The Board of Directors may determine at the time of granting whether each such option is exercisable in full, in part from time to time or in installments, which may be cumulative from year to year during such term to the extent not exercised in a prior year; provided, however, that notwithstanding the foregoing, from and after a Change of Control (as hereinafter defined), all options granted under the Plan, including options granted to Non-Employee Directors pursuant to Section 7 hereof, shall become immediately exercisable to the full extent of the original award.

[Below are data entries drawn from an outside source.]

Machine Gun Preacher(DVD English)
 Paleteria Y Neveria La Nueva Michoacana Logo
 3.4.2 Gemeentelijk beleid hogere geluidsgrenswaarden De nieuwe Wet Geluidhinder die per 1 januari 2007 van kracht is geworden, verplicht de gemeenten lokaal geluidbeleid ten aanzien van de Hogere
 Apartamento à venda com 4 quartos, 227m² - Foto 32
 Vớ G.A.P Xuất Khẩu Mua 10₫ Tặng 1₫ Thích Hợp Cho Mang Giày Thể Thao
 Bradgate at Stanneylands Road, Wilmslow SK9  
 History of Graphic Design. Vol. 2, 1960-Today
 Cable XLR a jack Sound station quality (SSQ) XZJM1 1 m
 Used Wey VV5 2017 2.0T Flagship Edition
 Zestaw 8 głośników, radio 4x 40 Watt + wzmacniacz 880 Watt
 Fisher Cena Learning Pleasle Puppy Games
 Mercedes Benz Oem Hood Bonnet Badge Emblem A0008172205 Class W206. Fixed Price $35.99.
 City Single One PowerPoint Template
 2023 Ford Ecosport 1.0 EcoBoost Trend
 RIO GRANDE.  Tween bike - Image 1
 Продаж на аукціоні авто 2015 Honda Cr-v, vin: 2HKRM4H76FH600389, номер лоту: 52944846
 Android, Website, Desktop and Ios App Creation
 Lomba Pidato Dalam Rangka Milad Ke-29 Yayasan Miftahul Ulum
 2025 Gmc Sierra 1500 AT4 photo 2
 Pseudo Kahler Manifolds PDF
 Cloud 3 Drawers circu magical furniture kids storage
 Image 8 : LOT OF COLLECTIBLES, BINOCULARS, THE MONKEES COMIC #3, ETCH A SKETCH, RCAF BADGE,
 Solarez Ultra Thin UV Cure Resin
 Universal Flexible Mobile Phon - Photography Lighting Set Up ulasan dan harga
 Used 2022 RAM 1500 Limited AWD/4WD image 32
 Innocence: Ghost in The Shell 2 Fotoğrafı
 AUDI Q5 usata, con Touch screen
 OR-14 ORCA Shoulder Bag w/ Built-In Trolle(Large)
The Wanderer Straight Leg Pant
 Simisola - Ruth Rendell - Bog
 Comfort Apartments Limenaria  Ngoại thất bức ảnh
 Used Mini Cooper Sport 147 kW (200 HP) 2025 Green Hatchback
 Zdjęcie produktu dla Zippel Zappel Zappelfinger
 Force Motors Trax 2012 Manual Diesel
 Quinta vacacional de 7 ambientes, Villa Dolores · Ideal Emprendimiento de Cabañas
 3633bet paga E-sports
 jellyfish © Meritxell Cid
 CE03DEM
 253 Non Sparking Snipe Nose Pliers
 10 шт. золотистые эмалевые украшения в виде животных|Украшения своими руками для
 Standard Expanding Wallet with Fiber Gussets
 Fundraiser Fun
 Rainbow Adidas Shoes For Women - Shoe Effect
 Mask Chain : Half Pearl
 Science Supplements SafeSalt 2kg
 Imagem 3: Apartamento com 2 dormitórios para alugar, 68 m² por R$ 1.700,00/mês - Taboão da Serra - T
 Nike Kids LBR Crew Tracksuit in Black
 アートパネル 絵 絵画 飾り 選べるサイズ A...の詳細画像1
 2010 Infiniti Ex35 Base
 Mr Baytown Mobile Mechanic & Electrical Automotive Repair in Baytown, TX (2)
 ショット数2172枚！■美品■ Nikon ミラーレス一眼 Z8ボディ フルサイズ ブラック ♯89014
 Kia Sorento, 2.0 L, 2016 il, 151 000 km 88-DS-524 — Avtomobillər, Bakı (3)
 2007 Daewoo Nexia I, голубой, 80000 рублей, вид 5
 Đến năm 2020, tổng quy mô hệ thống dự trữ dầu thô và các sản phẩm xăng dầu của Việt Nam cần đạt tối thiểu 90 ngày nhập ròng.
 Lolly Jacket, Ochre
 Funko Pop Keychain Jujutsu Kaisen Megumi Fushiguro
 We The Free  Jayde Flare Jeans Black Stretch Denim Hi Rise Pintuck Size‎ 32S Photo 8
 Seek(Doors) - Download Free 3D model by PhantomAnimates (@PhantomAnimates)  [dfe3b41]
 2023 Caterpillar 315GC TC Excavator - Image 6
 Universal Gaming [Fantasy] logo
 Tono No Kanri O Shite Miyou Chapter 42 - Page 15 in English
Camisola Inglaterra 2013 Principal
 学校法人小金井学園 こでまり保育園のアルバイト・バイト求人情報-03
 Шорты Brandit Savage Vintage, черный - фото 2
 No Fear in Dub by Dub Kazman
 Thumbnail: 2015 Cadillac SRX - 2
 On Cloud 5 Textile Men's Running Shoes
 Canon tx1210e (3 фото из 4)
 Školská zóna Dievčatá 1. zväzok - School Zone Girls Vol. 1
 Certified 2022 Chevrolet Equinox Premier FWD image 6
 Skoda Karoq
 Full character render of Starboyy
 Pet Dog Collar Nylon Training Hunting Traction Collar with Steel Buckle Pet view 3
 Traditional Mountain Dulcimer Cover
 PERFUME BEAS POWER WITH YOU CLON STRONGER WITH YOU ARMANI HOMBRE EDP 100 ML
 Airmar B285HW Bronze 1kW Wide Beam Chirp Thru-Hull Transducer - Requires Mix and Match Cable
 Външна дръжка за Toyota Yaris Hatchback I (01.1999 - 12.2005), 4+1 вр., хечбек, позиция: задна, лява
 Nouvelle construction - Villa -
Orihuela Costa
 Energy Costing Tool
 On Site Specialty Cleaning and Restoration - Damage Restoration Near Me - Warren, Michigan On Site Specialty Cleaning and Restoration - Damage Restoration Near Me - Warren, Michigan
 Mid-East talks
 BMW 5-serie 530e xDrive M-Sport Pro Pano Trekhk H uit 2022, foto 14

As used herein, “Change of Control” shall mean any of the following events:

(i) the acquisition by any individual, entity or group (within the meaning of Section 13(d)(3) or 14(d)(2) of the Securities Exchange Act of 1934, as amended (the “Exchange Act”)) of beneficial ownership (within the meaning of Rule 13d-3 promulgated under the Exchange Act) of 20% or more of either (A) the then outstanding shares of common stock of the Corporation or (B) the combined voting power of the then outstanding voting securities of the Corporation entitled to vote generally in the election of directors; provided, however, that for purposes of this subsection (i), the following acquisitions shall not constitute a Change of Control; (A) any acquisition directly from the Corporation or (B) any acquisition by any employee benefit plan (or related trust) sponsored or maintained by the Corporation or any corporation controlled by the Corporation; or

(ii) the consummation of any merger or other business combination of the Corporation, sale or lease of the Corporation’s assets or combination of the foregoing transactions (the “Transactions”) other than a Transaction immediately following which the shareholders of the Corporation and any trustee or fiduciary of any Corporation employee benefit plan immediately prior to the Transaction own at least 60% of the voting power, directly or indirectly, of (A) the surviving corporation in any such merger or other business combination; (B) the purchaser or lessee of the Corporation’s assets; or (C) both the surviving corporation and the purchaser or lessee in the event of any combination of Transactions; or

(iii) within any 24 month period, the persons who were directors immediately before the beginning of such period (the “Incumbent Directors”) shall cease (for any reason other than death) to constitute at least a majority of the Board of Directors of the Corporation or the board of directors of a successor to the Corporation. For this purpose, any director who was not a director at the beginning of such period shall be deemed to be an Incumbent Director if such director was elected to the Board of Directors of the Corporation by, or on the recommendation of or with the approval of, at least three-fourths of the directors who then qualified as Incumbent Directors (so long as such director was not nominated by a person who has expressed an intent to effect a Change of Control or engage in a proxy or other control contest); or

(iv) such other event or transaction as the Board of Directors of the Corporation shall determine constitutes a Change of Control.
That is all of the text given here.